It was raining when Chris and I set off for our walk at seven in the morning but we didn’t mind – the rain was light like a refreshing shower that settles momentarily on your skin and disappears in the breeze before it has a chance to collect and stream. (Incidentally, the Australia government ought to pay me for coming over because I always bring the rain, sometimes too much, especially in the form of cyclones – there are two gathering force out at sea right now!) Anyway, Chris wanted to familiarise himself with the locale of our host so we trekked up the steep hill outside Roland’s house, as far as we could go until the road ran out; then we went down to the bottom and followed the road to the right, past beautiful houses with perfectly kept lawns and dogs behind fences to ward off the passers-by, until that road, too, ran out.
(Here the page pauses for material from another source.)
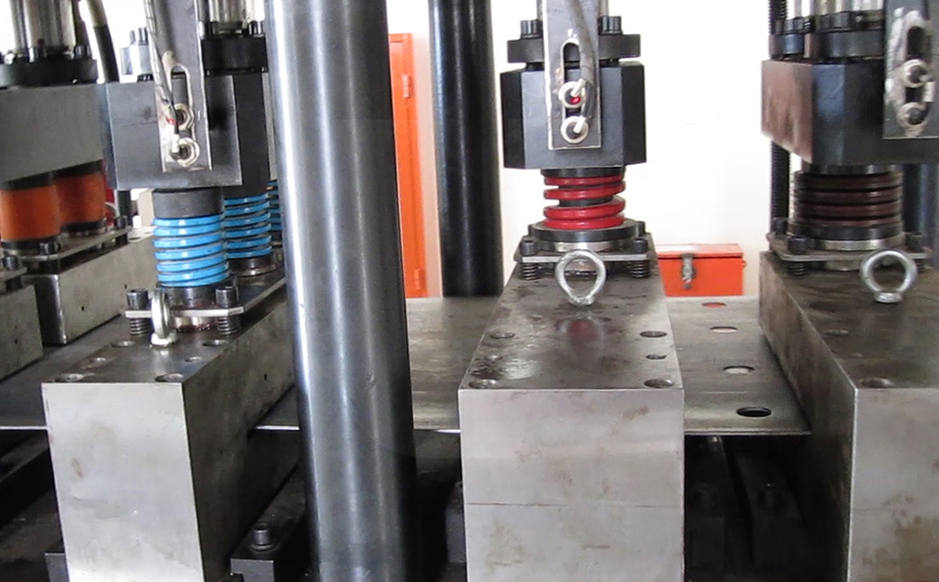 Unique punching system<br/>(easy to maintain and much more RELIABLE)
The sun came out and a rainbow boded well. We walked straight ahead to Stubbin Street and took a left, past a mansion in the Queenslander style, and past the two Alsatian dogs that lived there and let us know we were not wanted.
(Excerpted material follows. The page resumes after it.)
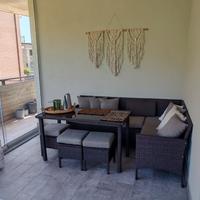 Set divano, tavolo e sgabelli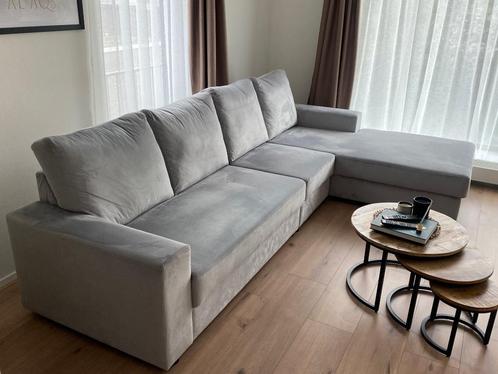 Hoekbank/Loungebank Suéde Lichtgrijs, Huis en Inrichting, Banken | Bankstellen, Zo goed als nieuw, Hoekbank, Vierpersoons of meer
“Good boys, good boys,” I said with a certain amount of confidence considering we were safely on the other side of iron bars.
“Why did you say that?” Chris asked.
“To stop them from barking,” I explained.
“That won’t stop them,” he asserted.
The dogs became quiet and lost interest, letting us walk on in peace, and I felt very happy that I was now an experienced dog person who understood dog psychology. I wondered if Chris was in awe of my wisdom in dog matters. Hand-in-hand we continued, past more beautiful houses and gardens, to where the road ended with a red cone and a large cattle grid to bar the way ahead to all but the most hardy and inquisitive of walkers. We were curious and we wore stout trainers – we crossed the grid.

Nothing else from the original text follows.